Separatists from nearby Chechnya, who have been fighting against Moscow rule for a decade, said they staged the raid with support from local anti-Kremlin insurgents.

72 FIGHTERS KILLED'

In his report to Putin delivered in the Kremlin, Interior Minister Rashid Nurgaliyev said altogether 72 fighters had been killed and 31 detained. The raiding party numbered about 100, Russian officials have said.

He said 24 police officers and 12 civilians in the town had also been killed.
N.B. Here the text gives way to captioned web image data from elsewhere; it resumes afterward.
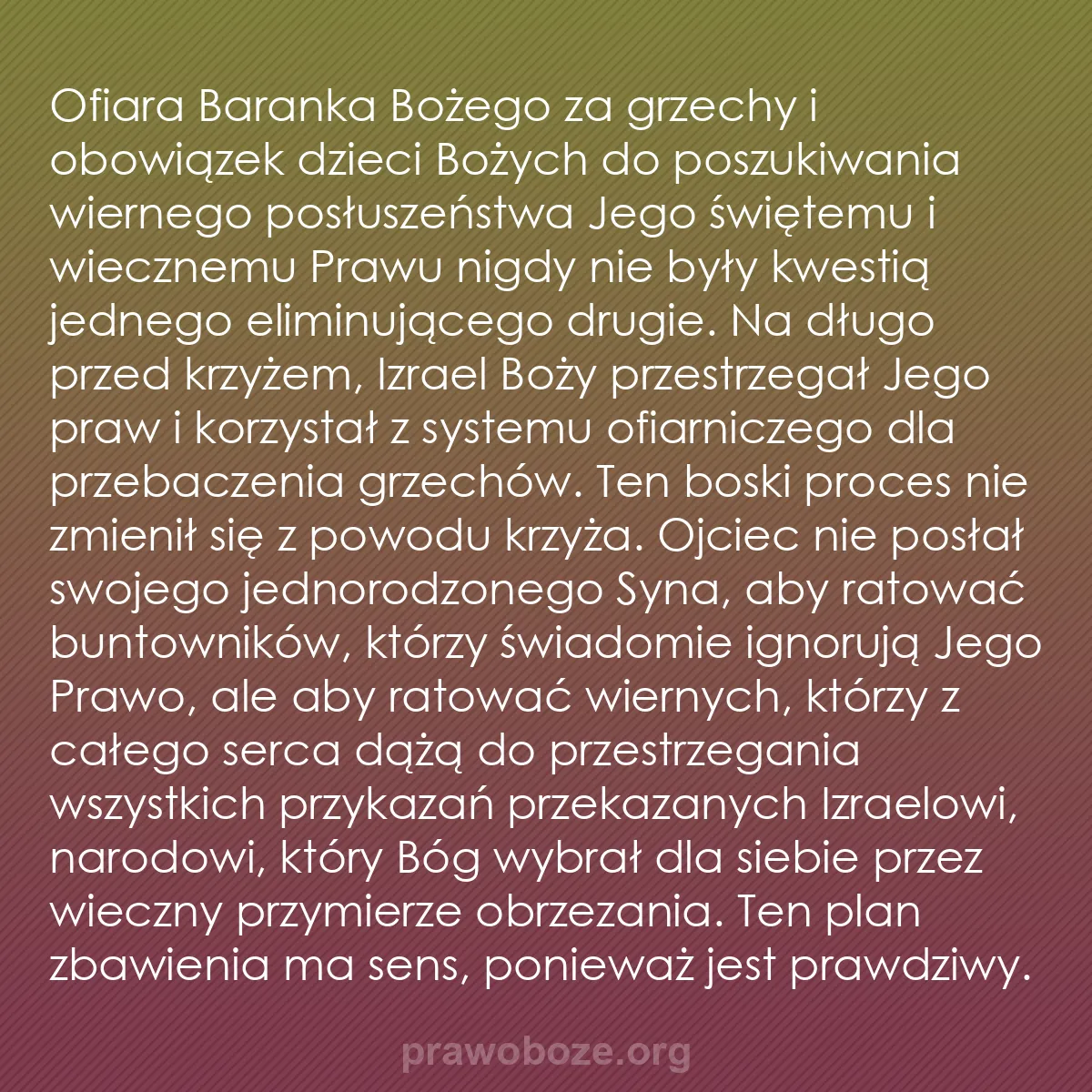 0248 – Grafika o Prawie Bożym: Ofiara Baranka Bożego za grzechy i obowiązek dzieci...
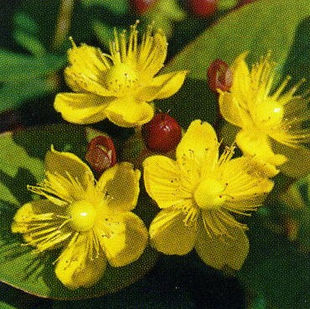 hg_johanniskraut_Blumen P. Gätzi in Maur.jpeg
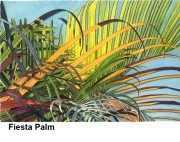 Fiesta Palm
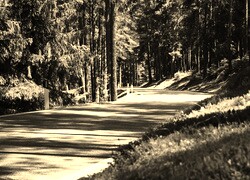 Szary + Sepia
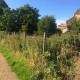 TYS2 Piggeries Orchard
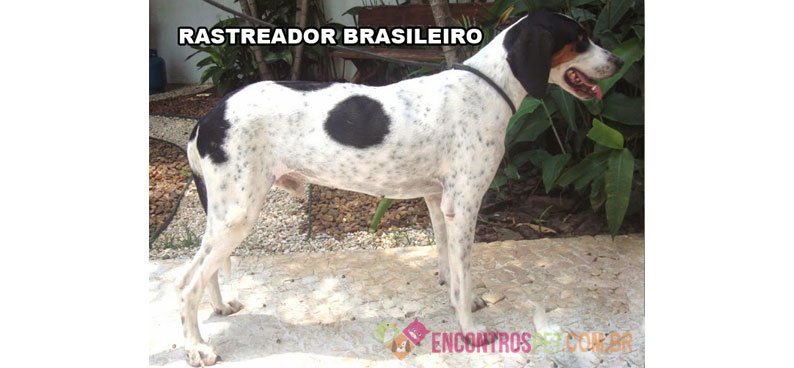 Cachorro Rastreador Brasileiro: Urrador Americano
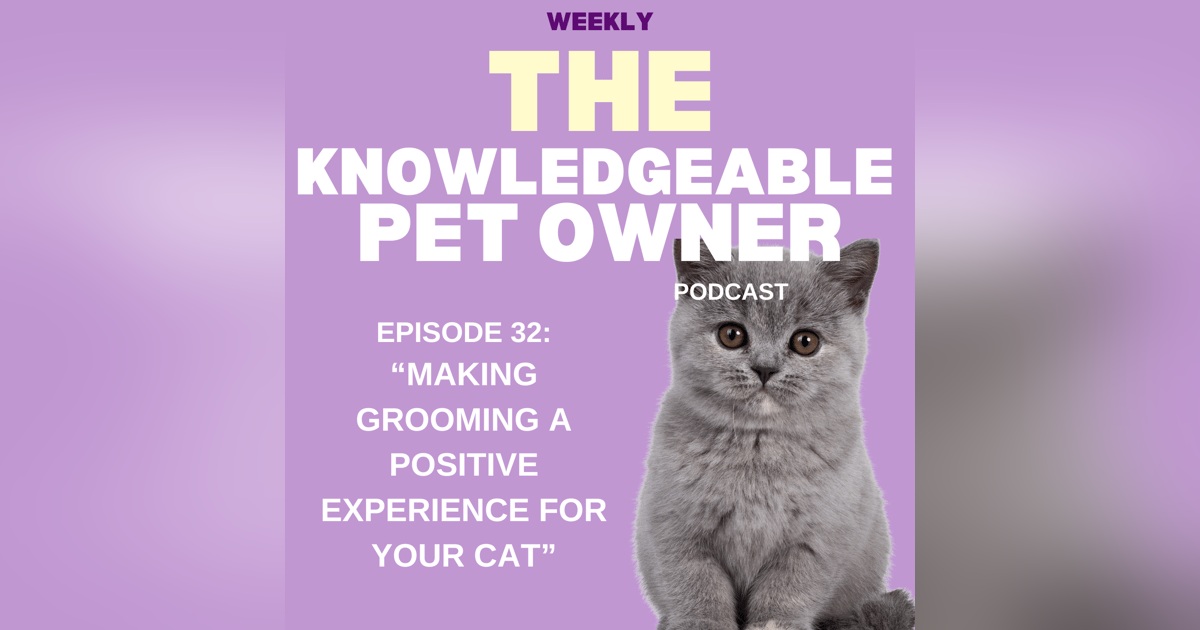 Making Grooming a Positive Experience for Your Cat Making Grooming a Positive Experience for Your Cat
The rebels themselves contradicted these figures through their Web sites, putting their dead at 11 with four fighters missing.

Putin, who came to power in 2000 by talking tough on Chechnya, told his security forces on Thursday to kill any gunmen who resisted.

But commentators said the scale and brazen nature of the attacks in daylight by a force that brought together Chechen separatists and a mixed bag of anti-Kremlin Muslim insurgents contradicted the official line that Moscow was in control of the turbulent Caucasus.

"The events in Nalchik demonstrated with new, shocking force the fragility of what the authorities ... have been calling 'peace'," Izvestia newspaper said in an editorial. "We have to admit: there is a war going on in the Caucasus."

Sporadic gunfire that could be heard on Thursday had died down in Nalchik, a grid of dusty tree-lined streets with ramshackle single-storey houses.

The authorities' rapid response to the crisis was in contrast to last year's deadly attack by Chechen militants on a school in the town of Beslan, when the Russian leader was widely criticized for staying silent for too long.

But it remained unclear whether it would deflect public criticism over another failure by security services to prevent a rebel assault in the region.